Task goal:
From the records that follow, return exactly the lines beginning at the one that contains "Hello, this is" and ending at the one that contains "Here's a tip.", pictures left out.

::: Input for this task

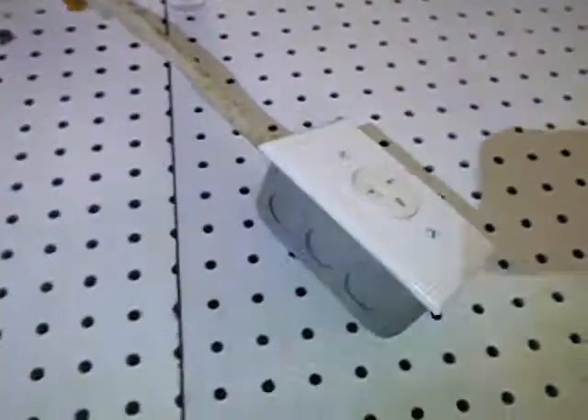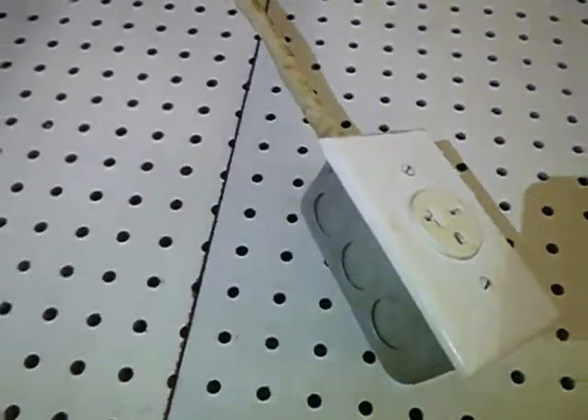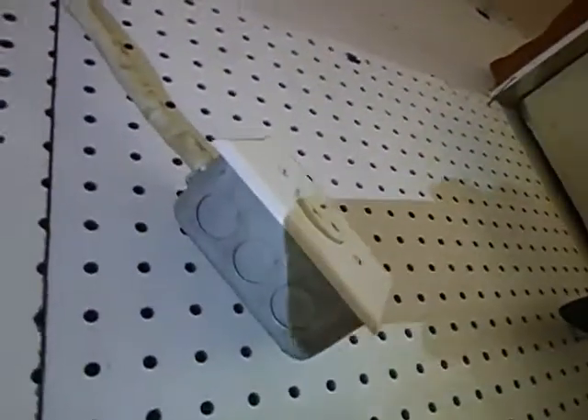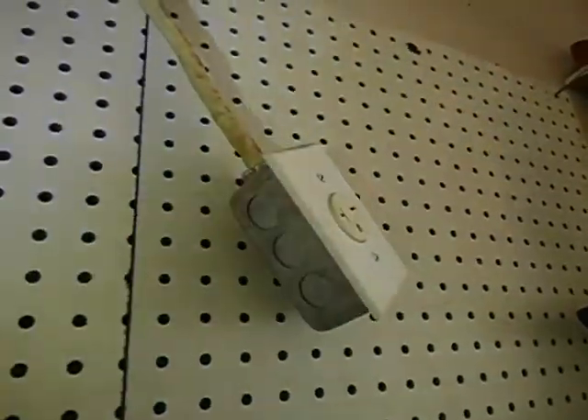We've got a loose and floating electric junction box — a receptacle outlet. Looks like it's dedicated, but I'm only getting 12 volts from it. Maybe if we turn a switch on we might get more; it's bleeding through. The fact that it's floating is wrong. The fact that something is bleeding through is wrong. If it's on, it's underpowered.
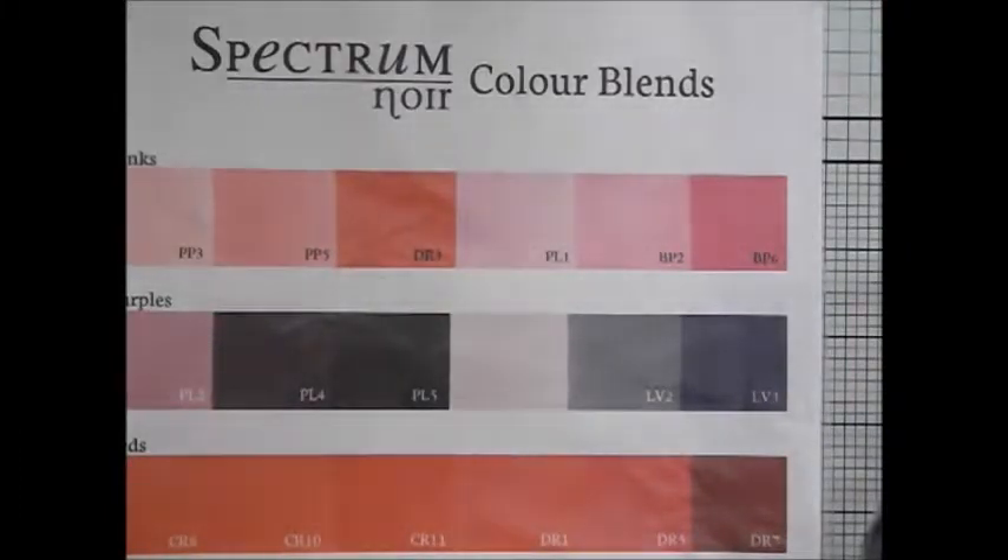Hello, this is AJ the male card maker. I'm going to start a new series on colouring with the Spectrum Noir colouring system alcohol markers from Crafts' Companion. I've been using these for about a year and a half, two years. I've got two sets.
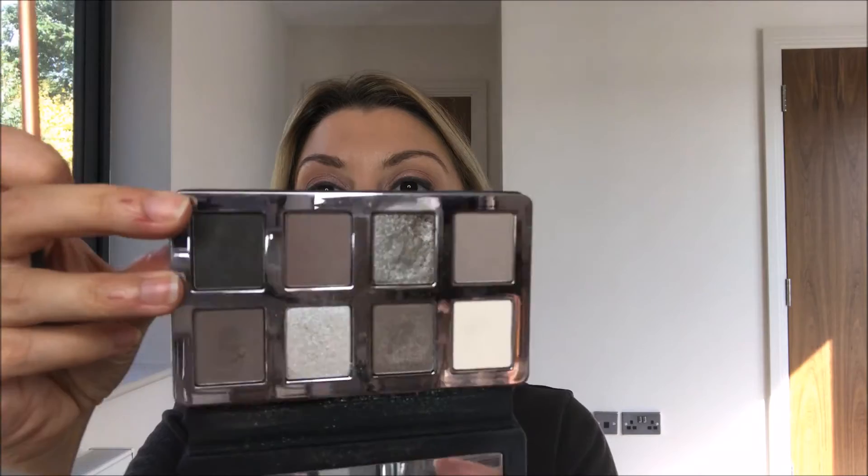The shadow I used is the Bobby Brown grayish shade — the color is Fog, which is the really dark shade. To do the double line, I tap my brush in, tap it all out, then go right over the top of the liner. You can feel that the shadow has stuck — it's not going anywhere. It gives you that lovely soft thick line that really defines the eyes. Slate is such a great alternative to black — it's so soft and beautiful.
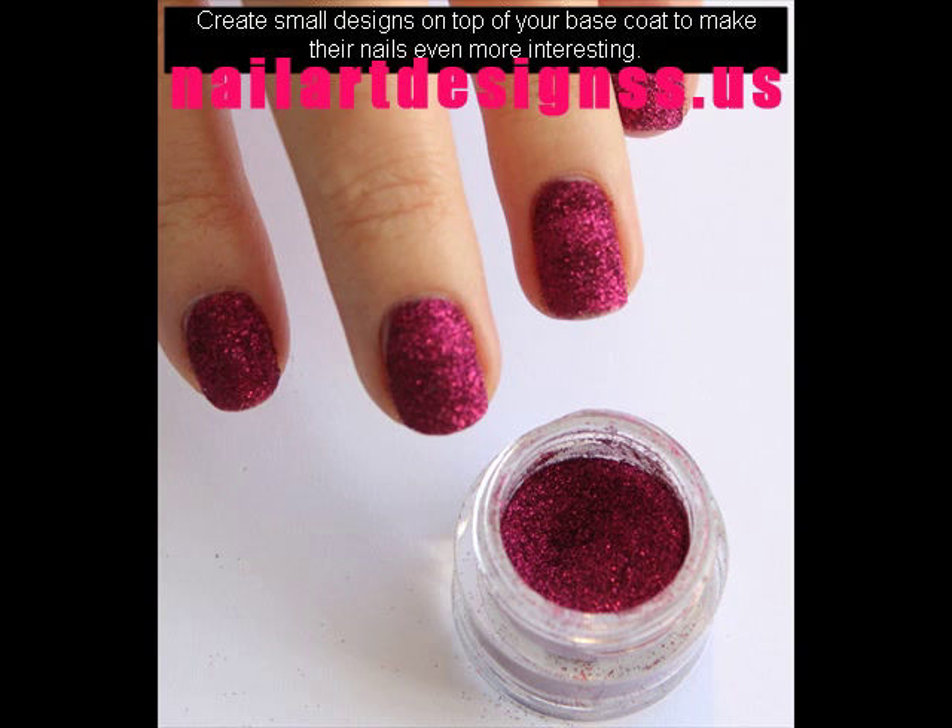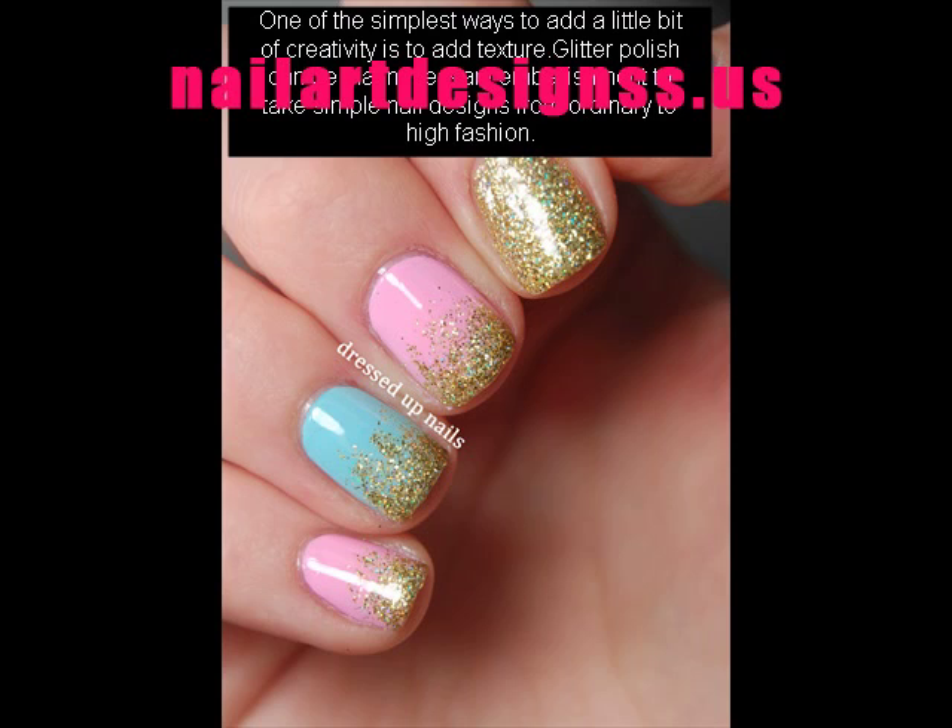Here's a tip. Start by painting. One of the simplest ways to add a little bit of creativity is to add texture. Glitter polish can be that necessary embellishment to take simple nail designs from ordinary to high fashion.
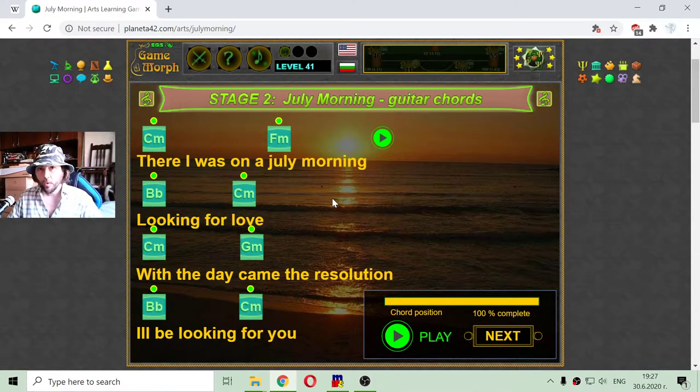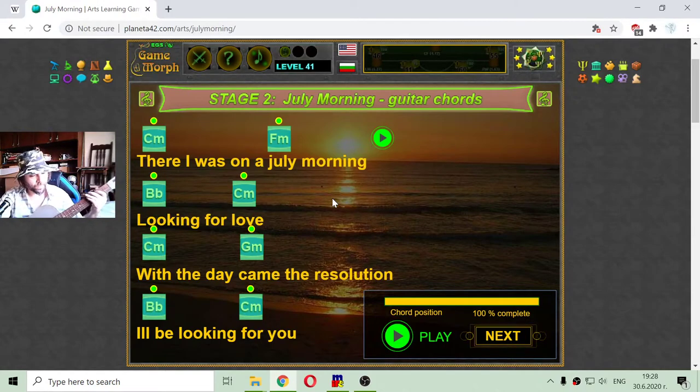Guess what? I will try to make that song. It will be hilarious. I haven't played that guitar for years and months. First, I will need to practice those chords.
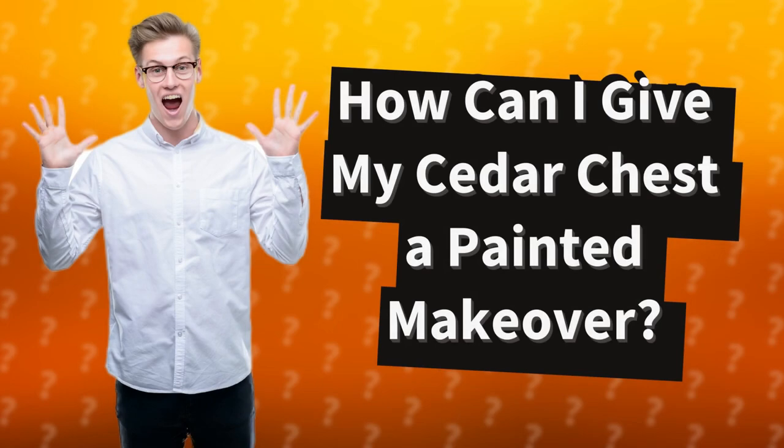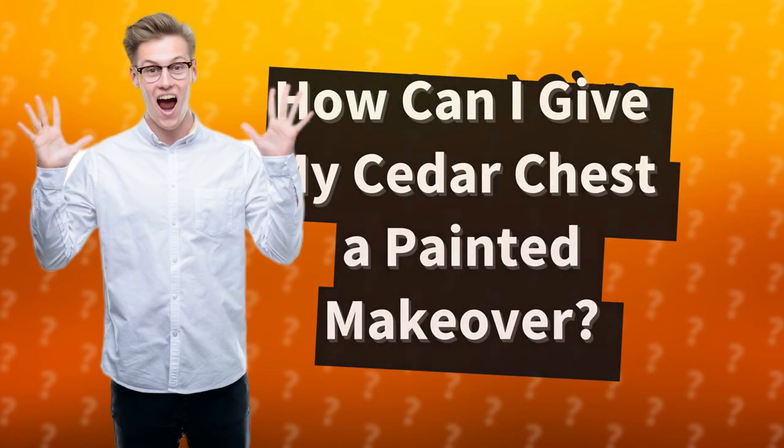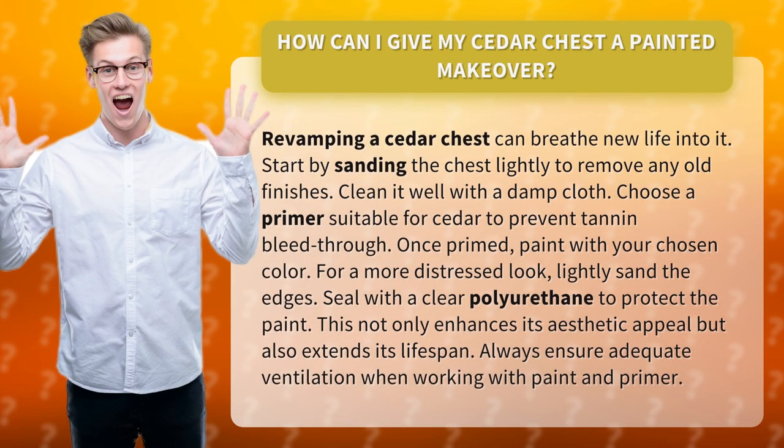How can I give my cedar chest a painted makeover? Revamping a cedar chest can breathe new life into it. Start by sanding the chest lightly to remove any old finishes, then clean it well with a damp cloth.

::::::

Solved problem:
Hello, this is AJ the male card maker. I'm going to start a new series on colouring with the Spectrum Noir colouring system alcohol markers from Crafts' Companion. I've been using these for about a year and a half, two years. I've got two sets.
The shadow I used is the Bobby Brown grayish shade — the color is Fog, which is the really dark shade. To do the double line, I tap my brush in, tap it all out, then go right over the top of the liner. You can feel that the shadow has stuck — it's not going anywhere. It gives you that lovely soft thick line that really defines the eyes. Slate is such a great alternative to black — it's so soft and beautiful.
Here's a tip. Start by painting. One of the simplest ways to add a little bit of creativity is to add texture. Glitter polish can be that necessary embellishment to take simple nail designs from ordinary to high fashion.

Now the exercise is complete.